DATA SHOWN >>

..........

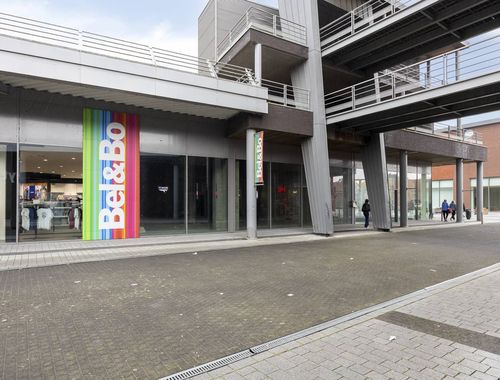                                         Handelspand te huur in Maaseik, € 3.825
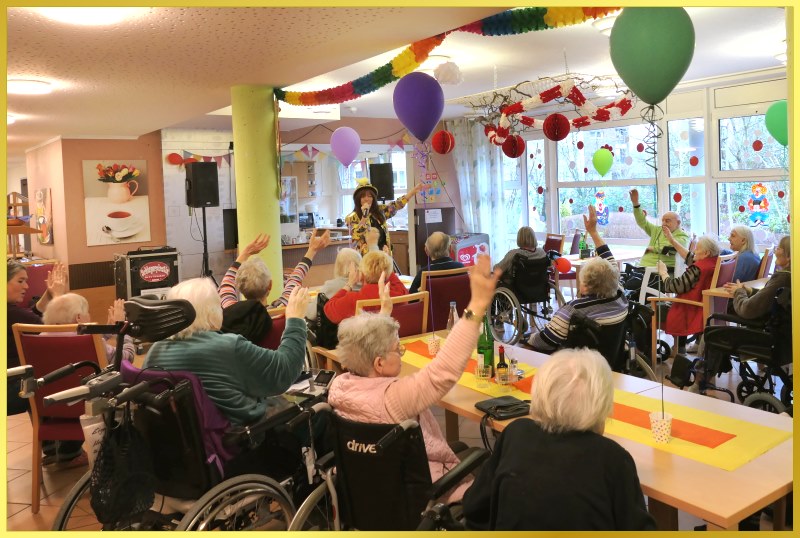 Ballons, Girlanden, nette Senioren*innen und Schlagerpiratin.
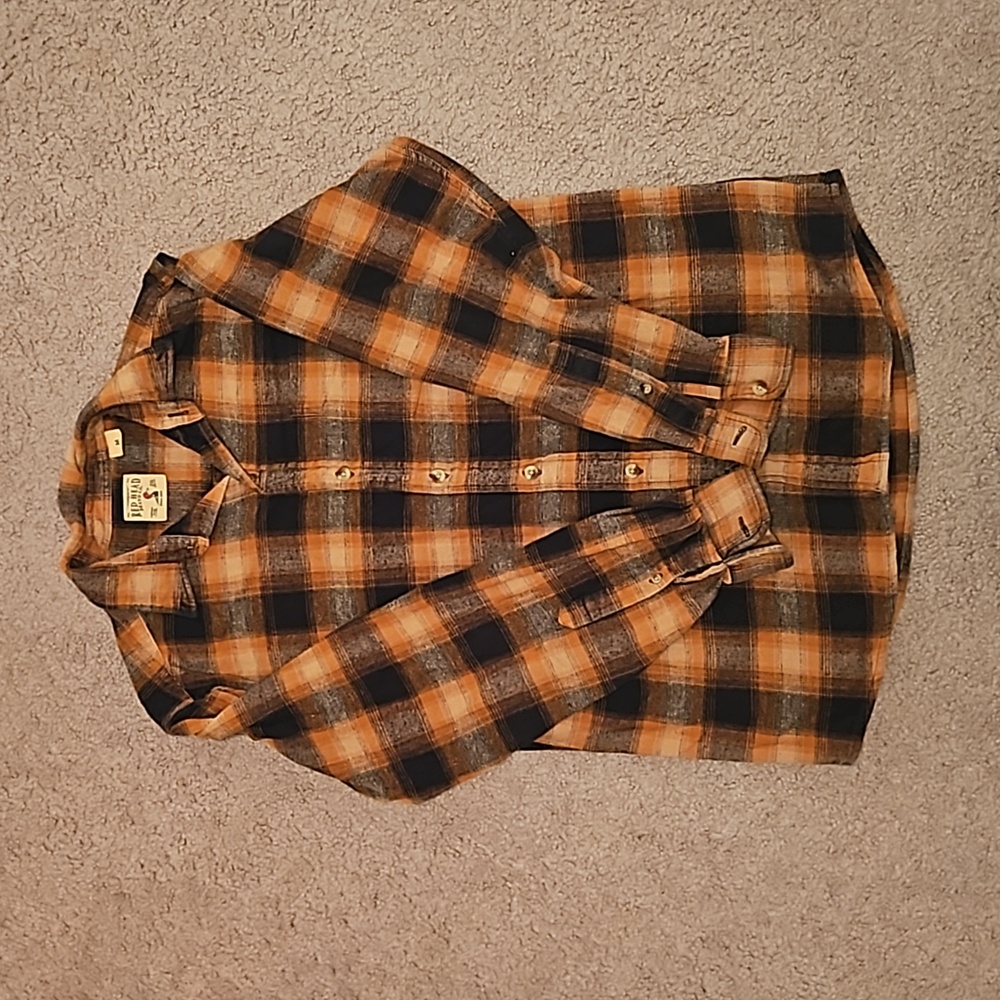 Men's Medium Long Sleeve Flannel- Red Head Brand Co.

..........

INSTRUCTIONS FOR THE TASK >> For the data above, return an exact copy that contains no pictures.

WRITTEN RESPONSE >>
                                         Handelspand te huur in Maaseik, € 3.825
 Ballons, Girlanden, nette Senioren*innen und Schlagerpiratin.
 Men's Medium Long Sleeve Flannel- Red Head Brand Co.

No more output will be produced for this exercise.